Extracted data entries
▼▼▼
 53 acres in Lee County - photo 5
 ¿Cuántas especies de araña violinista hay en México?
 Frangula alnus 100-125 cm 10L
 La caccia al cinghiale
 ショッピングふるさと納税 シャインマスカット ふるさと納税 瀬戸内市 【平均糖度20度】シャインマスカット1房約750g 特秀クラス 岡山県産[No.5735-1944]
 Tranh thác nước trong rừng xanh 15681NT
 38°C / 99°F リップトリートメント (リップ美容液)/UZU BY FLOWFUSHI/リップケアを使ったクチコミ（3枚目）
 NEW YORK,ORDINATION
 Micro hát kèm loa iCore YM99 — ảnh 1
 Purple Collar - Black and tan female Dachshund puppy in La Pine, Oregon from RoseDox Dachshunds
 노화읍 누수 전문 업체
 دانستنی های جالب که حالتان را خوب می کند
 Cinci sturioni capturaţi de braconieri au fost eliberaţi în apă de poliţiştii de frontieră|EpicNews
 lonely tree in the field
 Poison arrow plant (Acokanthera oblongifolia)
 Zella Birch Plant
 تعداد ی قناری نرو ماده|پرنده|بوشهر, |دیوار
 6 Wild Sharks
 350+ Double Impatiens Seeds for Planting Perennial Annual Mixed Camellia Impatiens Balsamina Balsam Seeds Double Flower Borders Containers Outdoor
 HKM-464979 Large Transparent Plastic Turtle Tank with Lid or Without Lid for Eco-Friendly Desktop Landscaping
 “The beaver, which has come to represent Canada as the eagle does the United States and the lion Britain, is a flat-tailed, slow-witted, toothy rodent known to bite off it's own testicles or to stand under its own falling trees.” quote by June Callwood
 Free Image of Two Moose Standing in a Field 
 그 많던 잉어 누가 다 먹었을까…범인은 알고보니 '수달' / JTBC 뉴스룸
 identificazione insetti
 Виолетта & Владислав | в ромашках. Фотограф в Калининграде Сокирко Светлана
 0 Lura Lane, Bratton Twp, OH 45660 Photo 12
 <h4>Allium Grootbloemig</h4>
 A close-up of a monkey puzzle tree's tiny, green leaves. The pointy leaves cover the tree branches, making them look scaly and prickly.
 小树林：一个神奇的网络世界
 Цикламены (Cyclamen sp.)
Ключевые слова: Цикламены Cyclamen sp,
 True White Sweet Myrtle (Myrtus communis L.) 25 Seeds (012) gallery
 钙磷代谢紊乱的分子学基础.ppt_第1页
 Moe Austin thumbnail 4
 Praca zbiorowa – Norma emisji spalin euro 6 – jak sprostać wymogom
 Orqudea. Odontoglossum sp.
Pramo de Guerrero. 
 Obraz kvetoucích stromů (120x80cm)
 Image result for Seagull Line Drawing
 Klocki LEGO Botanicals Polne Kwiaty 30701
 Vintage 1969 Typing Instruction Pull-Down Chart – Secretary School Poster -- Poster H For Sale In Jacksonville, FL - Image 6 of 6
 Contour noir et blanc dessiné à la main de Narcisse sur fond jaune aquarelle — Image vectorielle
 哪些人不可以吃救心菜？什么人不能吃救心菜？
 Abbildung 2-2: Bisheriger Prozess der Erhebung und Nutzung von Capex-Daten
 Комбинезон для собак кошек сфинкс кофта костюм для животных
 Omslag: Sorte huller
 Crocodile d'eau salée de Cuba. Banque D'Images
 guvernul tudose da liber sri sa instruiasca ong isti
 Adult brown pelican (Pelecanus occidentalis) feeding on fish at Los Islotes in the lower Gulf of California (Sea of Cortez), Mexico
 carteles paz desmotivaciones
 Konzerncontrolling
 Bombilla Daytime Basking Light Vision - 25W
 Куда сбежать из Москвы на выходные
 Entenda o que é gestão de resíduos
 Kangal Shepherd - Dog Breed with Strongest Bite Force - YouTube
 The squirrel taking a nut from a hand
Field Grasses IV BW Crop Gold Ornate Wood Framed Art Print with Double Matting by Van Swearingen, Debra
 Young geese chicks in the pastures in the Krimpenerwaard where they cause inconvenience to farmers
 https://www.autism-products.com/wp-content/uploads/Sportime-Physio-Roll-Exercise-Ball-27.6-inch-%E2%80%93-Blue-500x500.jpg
▲▲▲
- [Problem requirements]: In full and without changes, give the data above once more.

- [Response for this exercise]:
 53 acres in Lee County - photo 5
 ¿Cuántas especies de araña violinista hay en México?
 Frangula alnus 100-125 cm 10L
 La caccia al cinghiale
 ショッピングふるさと納税 シャインマスカット ふるさと納税 瀬戸内市 【平均糖度20度】シャインマスカット1房約750g 特秀クラス 岡山県産[No.5735-1944]
 Tranh thác nước trong rừng xanh 15681NT
 38°C / 99°F リップトリートメント (リップ美容液)/UZU BY FLOWFUSHI/リップケアを使ったクチコミ（3枚目）
 NEW YORK,ORDINATION
 Micro hát kèm loa iCore YM99 — ảnh 1
 Purple Collar - Black and tan female Dachshund puppy in La Pine, Oregon from RoseDox Dachshunds
 노화읍 누수 전문 업체
 دانستنی های جالب که حالتان را خوب می کند
 Cinci sturioni capturaţi de braconieri au fost eliberaţi în apă de poliţiştii de frontieră|EpicNews
 lonely tree in the field
 Poison arrow plant (Acokanthera oblongifolia)
 Zella Birch Plant
 تعداد ی قناری نرو ماده|پرنده|بوشهر, |دیوار
 6 Wild Sharks
 350+ Double Impatiens Seeds for Planting Perennial Annual Mixed Camellia Impatiens Balsamina Balsam Seeds Double Flower Borders Containers Outdoor
 HKM-464979 Large Transparent Plastic Turtle Tank with Lid or Without Lid for Eco-Friendly Desktop Landscaping
 “The beaver, which has come to represent Canada as the eagle does the United States and the lion Britain, is a flat-tailed, slow-witted, toothy rodent known to bite off it's own testicles or to stand under its own falling trees.” quote by June Callwood
 Free Image of Two Moose Standing in a Field 
 그 많던 잉어 누가 다 먹었을까…범인은 알고보니 '수달' / JTBC 뉴스룸
 identificazione insetti
 Виолетта & Владислав | в ромашках. Фотограф в Калининграде Сокирко Светлана
 0 Lura Lane, Bratton Twp, OH 45660 Photo 12
 <h4>Allium Grootbloemig</h4>
 A close-up of a monkey puzzle tree's tiny, green leaves. The pointy leaves cover the tree branches, making them look scaly and prickly.
 小树林：一个神奇的网络世界
 Цикламены (Cyclamen sp.)
Ключевые слова: Цикламены Cyclamen sp,
 True White Sweet Myrtle (Myrtus communis L.) 25 Seeds (012) gallery
 钙磷代谢紊乱的分子学基础.ppt_第1页
 Moe Austin thumbnail 4
 Praca zbiorowa – Norma emisji spalin euro 6 – jak sprostać wymogom
 Orqudea. Odontoglossum sp.
Pramo de Guerrero. 
 Obraz kvetoucích stromů (120x80cm)
 Image result for Seagull Line Drawing
 Klocki LEGO Botanicals Polne Kwiaty 30701
 Vintage 1969 Typing Instruction Pull-Down Chart – Secretary School Poster -- Poster H For Sale In Jacksonville, FL - Image 6 of 6
 Contour noir et blanc dessiné à la main de Narcisse sur fond jaune aquarelle — Image vectorielle
 哪些人不可以吃救心菜？什么人不能吃救心菜？
 Abbildung 2-2: Bisheriger Prozess der Erhebung und Nutzung von Capex-Daten
 Комбинезон для собак кошек сфинкс кофта костюм для животных
 Omslag: Sorte huller
 Crocodile d'eau salée de Cuba. Banque D'Images
 guvernul tudose da liber sri sa instruiasca ong isti
 Adult brown pelican (Pelecanus occidentalis) feeding on fish at Los Islotes in the lower Gulf of California (Sea of Cortez), Mexico
 carteles paz desmotivaciones
 Konzerncontrolling
 Bombilla Daytime Basking Light Vision - 25W
 Куда сбежать из Москвы на выходные
 Entenda o que é gestão de resíduos
 Kangal Shepherd - Dog Breed with Strongest Bite Force - YouTube
 The squirrel taking a nut from a hand
Field Grasses IV BW Crop Gold Ornate Wood Framed Art Print with Double Matting by Van Swearingen, Debra
 Young geese chicks in the pastures in the Krimpenerwaard where they cause inconvenience to farmers
 https://www.autism-products.com/wp-content/uploads/Sportime-Physio-Roll-Exercise-Ball-27.6-inch-%E2%80%93-Blue-500x500.jpg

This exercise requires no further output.